Instead of building on Marcelo Bielsa’s legacy, Leeds blew it all up, and 2022-23 feels like starting again in the unknown. The rush to sign players – two from Jesse Marsch’s former employers, Salzburg – suggests planned rebuilding, but dealing with high-profile departures might be the biggest test of the new coach while making his ‘energy drink football’ work.

Leeds United 2022/23 season preview and prediction: The lesson from last year

Never do any of that ever again. Fans are divided over who to blame for a disastrous season, which is usually a sign that so much went wrong, there was no shortage of guilty parties.

Key injuries to the Whites’ spine proved crippling, as were a joint-league-high 19 goals conceded from set-pieces, and if the former were truly down to Bielsa’s training methods, then there should be provisions made to ensure there’s no repeat. Otherwise, the big lesson resembles Howard Wilkinson’s old maxim: ‘Fail to prepare; prepare to fail’. 

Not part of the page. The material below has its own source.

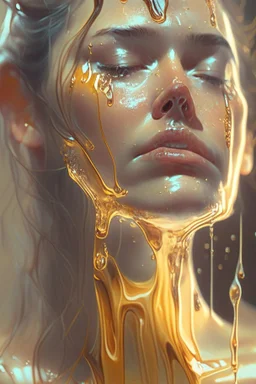 transparent Liquid honey dripping from woman face, photorealistic beautiful woman, light hair, full body, cover, hyperdetailed painting, luminism, Bar lighting, complex, 4k resolution concept art portrait by Greg Rutkowski, Artgerm, WLOP, Alphonse Mucha,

Nobody saw a bad second season coming, and nobody knew what to do when it arrived. Leeds won’t get away with that twice in this Premier League, and their hopes won’t be enhanced by hero Raphinha following Manchester City-bound Kalvin Phillips out the door.

The coach: Jesse Marsch

Jesse Marsch

(Image credit: Getty)

Jesse Marsch revealed he tried to talk the club out of appointing him mid-season, and he had a point. Though the 48-year-old Princeton graduate managed to keep Leeds in the division, he burned through a lot of goodwill in the process. His overarching challenge is to make life after Bielsa feel like a fresh start.

The owner: Andrea Radrizzani

Taking Leeds back to the Premier League made Andrea Radrizzani popular for just about as long as football attention spans ever allow. Only rarely did the Elland Road crowd threaten revolt last season, but when they did, the sole target was the board. The fans want less tweeting and more spending.

The mood around Leeds…

The fans are waiting to be impressed and the club has ground to make up, having lauded Marsch as an evolution from Bielsa. How will it look in practice?

The one to watch

Brenden Aaronson of Leeds United crosses the ball into the box during the Pre-Season friendly match between Leeds United and Cagliari at Elland Road on July 31, 2022 in Leeds, England.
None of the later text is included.